The first impulse of conscience is apt to be right; the first impulse of appetite or passion is generally wrong.-We should be faithful to the former, but suspicious of the latter.

The religions we count false, may, for a time, have had their use; being, in their origin, faint, though misunderstood echoes of an early divine revelation, and also as Emerson says. "affirmations of the conscience, correcting the evil customs of their times."

To murder character is as truly a crime as to murder the body: the tongue of the slanderer is brother to the dagger of the assassin.

What we need in religion, is not new light, but new sight; not new paths, but new strength to walk in the old ones; not new duties, but new strength from on high to fulfill those that are plain before us.

Sinful and forbidden pleasures are like poisoned bread; they may satisfy appetite for the moment, but there is death in them at the end.

The first step to improvement, whether mental, moral, or religious, is to know ourselves--our weakness, errors, deficiencies, and sins, that, by divine grace, we may overcome and turn from them all.

The secret of a good memory is attention, and attention to a subject depends upon our interest in it. We rarely forget that which has made a deep impression on our minds.
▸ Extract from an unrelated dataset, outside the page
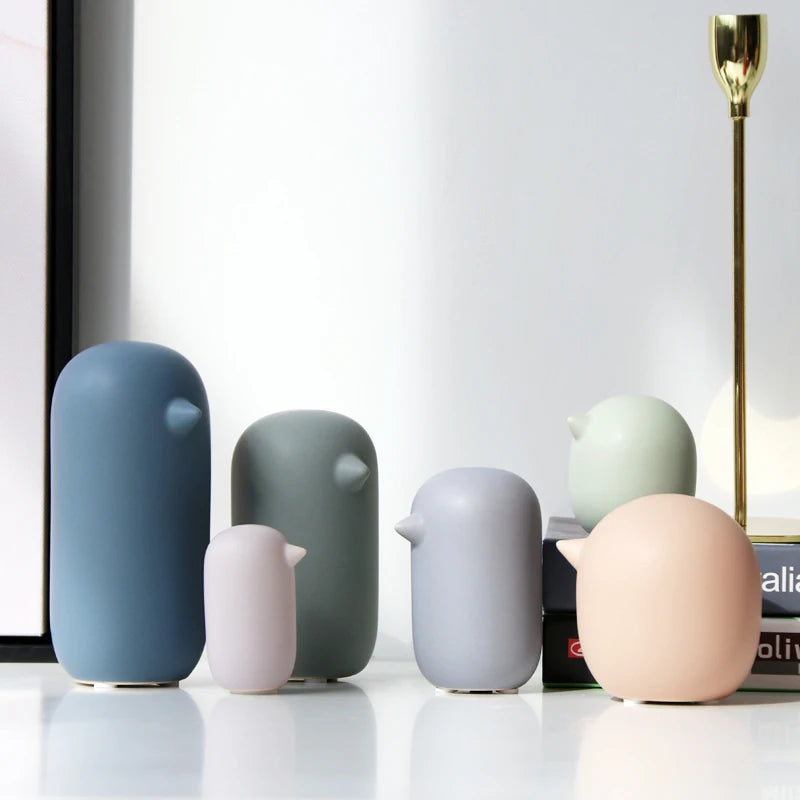 Minimalist Nordic bird ornaments, 6-piece set, featuring sleek, modern designs in neutral tones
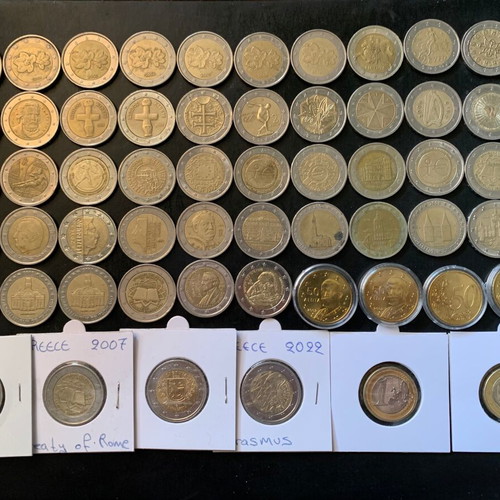 2 Euro Coin Collection used, 50 pcs plus 1€ and 50 cent unc 2002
To possess money is very well; it may be a most valuable servant; to be possessed by it, is to be possessed by a devil, and one of the meanest and worst kind of devils.

Whatever our place allotted to us by Providence that for us is the post of honor and duty. God estimates us, not by the position we are in, but by the way in which we fill it.

Some men are born old, and some men never seem so. If we keep well and cheerful, we are always young and at last die in youth even when in years would count as old.

The great end of education is to discipline rather than to furnish the mind; to train it to the use of its own powers, rather than fill it with the accumulation of others.

The slanderer and the assassin differ only in the weapon they use; with the one it is the dagger, with the other the tongue. The former is worse that the latter, for the last only kills the body, while the other murders the reputation.

To rejoice in another's prosperity is to give content to your lot; to mitigate another's grief is to alleviate or dispel your own.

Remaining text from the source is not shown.